BRIEF: The full listing, minus its pictures, should be printed again exactly as it stands.

STORED DATA:
★ ★ ★ ★

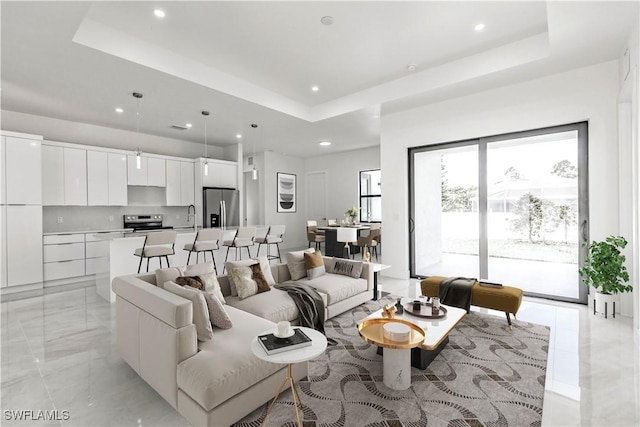 living room featuring sink and a tray ceiling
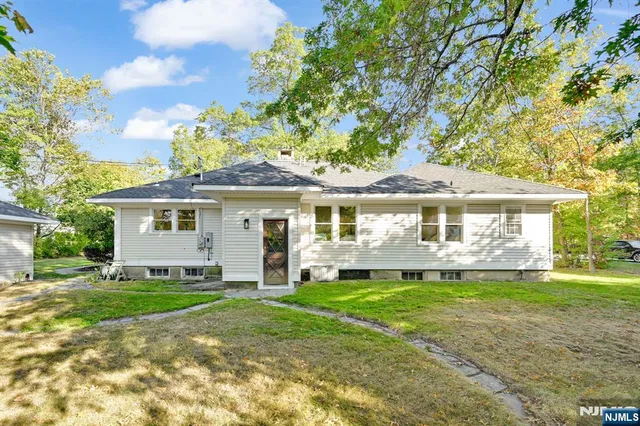 a front view of a house with a yard and porch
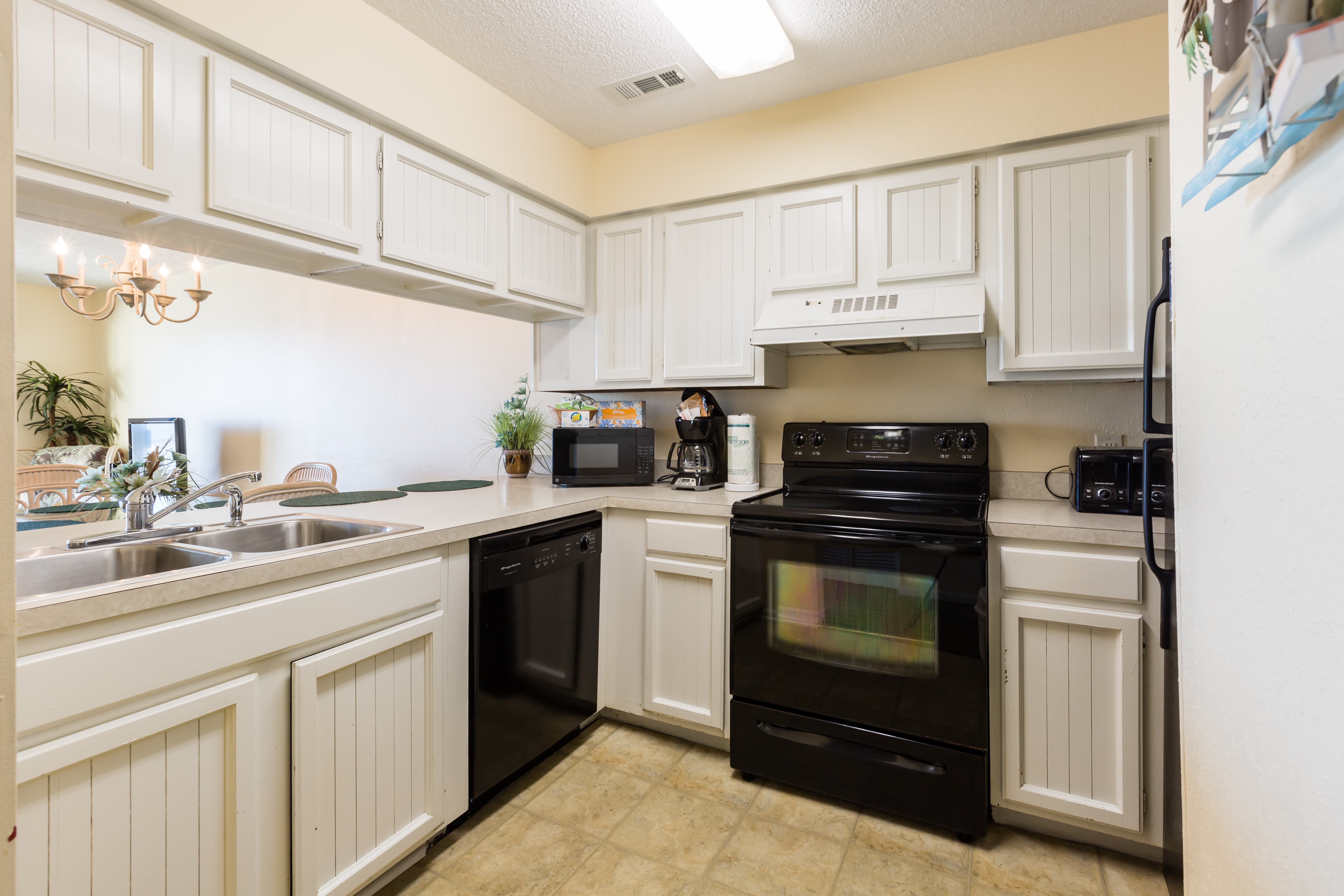A kitchen with white cabinets and black appliances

★ ★ ★ ★

EXERCISE SOLUTION:
 living room featuring sink and a tray ceiling
 a front view of a house with a yard and porch
A kitchen with white cabinets and black appliances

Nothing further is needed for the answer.